Citibank cuts base lending rate to spur loans uptake
Posted Tuesday, August 7 2012 at 20:06
The Kenyan banking arm of financial services firm Citibank has cut its base lending rate.
The bank joins other lenders that have reduced their cost of lending following the drop in Central Bank of Kenya’s (CBK) benchmark rate last month.
The ninth largest bank in the country said the cut to 19 per cent from 22 per cent beginning mid next week was a reaction to the banking regulator’s cue for lower lending rates.
“The action we have taken is in recognition of the Central Bank of Kenya’s recent action to ensure we are offering our clients a commercially competitive base rate,” said Citibank chief executive officer Dan Connelly.

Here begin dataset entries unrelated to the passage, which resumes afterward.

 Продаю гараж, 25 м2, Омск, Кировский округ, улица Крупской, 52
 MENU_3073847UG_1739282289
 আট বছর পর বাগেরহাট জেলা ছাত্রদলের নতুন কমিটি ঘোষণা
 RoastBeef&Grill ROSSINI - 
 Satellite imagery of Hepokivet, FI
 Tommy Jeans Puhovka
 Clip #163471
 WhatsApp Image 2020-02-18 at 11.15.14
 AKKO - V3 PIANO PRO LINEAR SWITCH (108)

The lender, which mainly focuses on corporate lending, joins other banks such as Barclays, Kenya Commercial Bank Group, Equity Bank and Diamond Trust Bank, which have announced rate cuts following the decision by the regulator to lower its benchmark rate to 16.5 per cent from 18 per cent.
“We hope that this will help to spur economic growth in various markets through more affordable credit and that this reduction will support our customers effort to grow their business,” said Mr Connelly.

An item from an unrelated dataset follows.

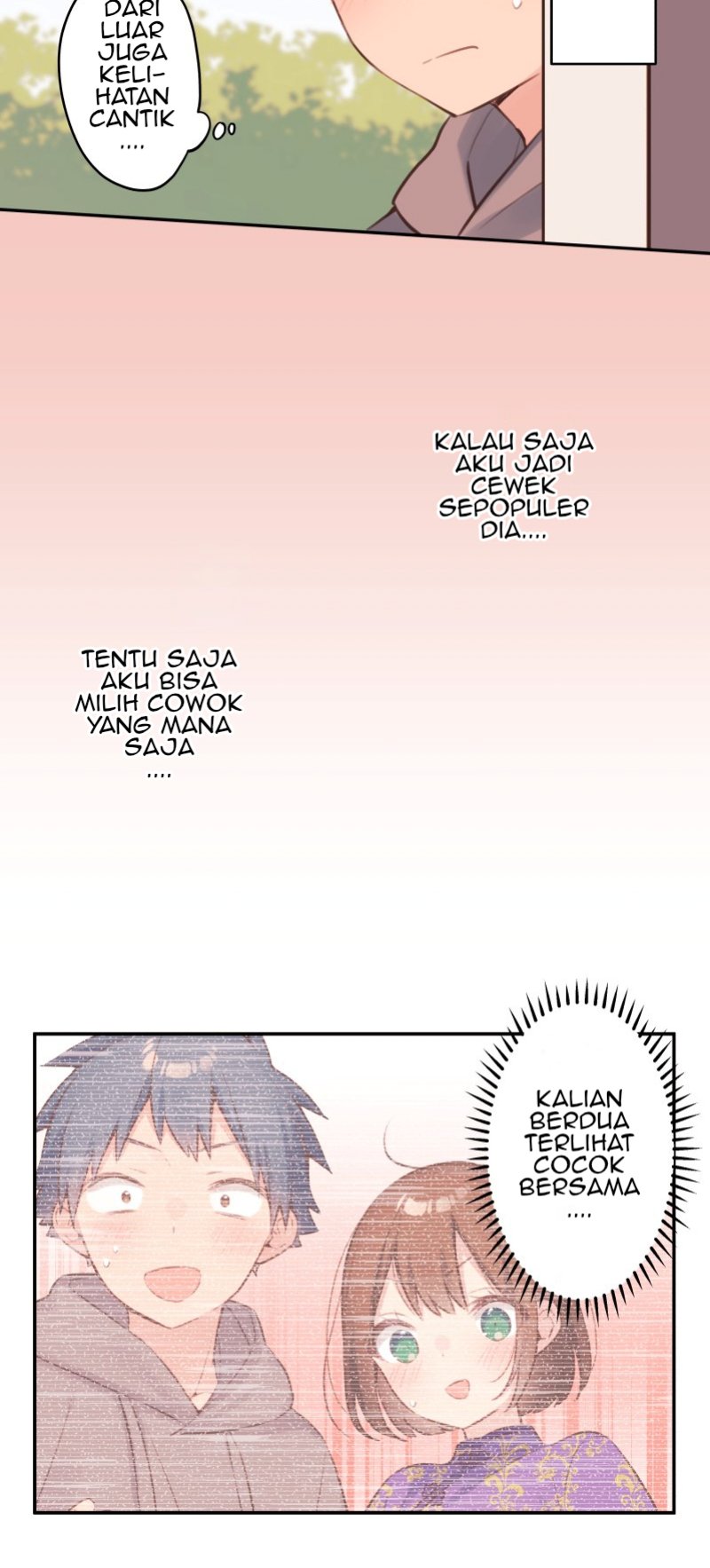 Chapter 80 - halaman 17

Equity, during the release of its half-year financial performance two weeks ago said it had cut its base lending rate to 20 per cent while during the same week, I&M Bank also said that it would cut its base rate to 22.5 per cent from next month.
Barclays Bank was the first to cut its base lending rate, to 21 per cent from 22.5 per cent beginning this month followed by Standard Chartered that lowered its rate by 1.5 percentage points.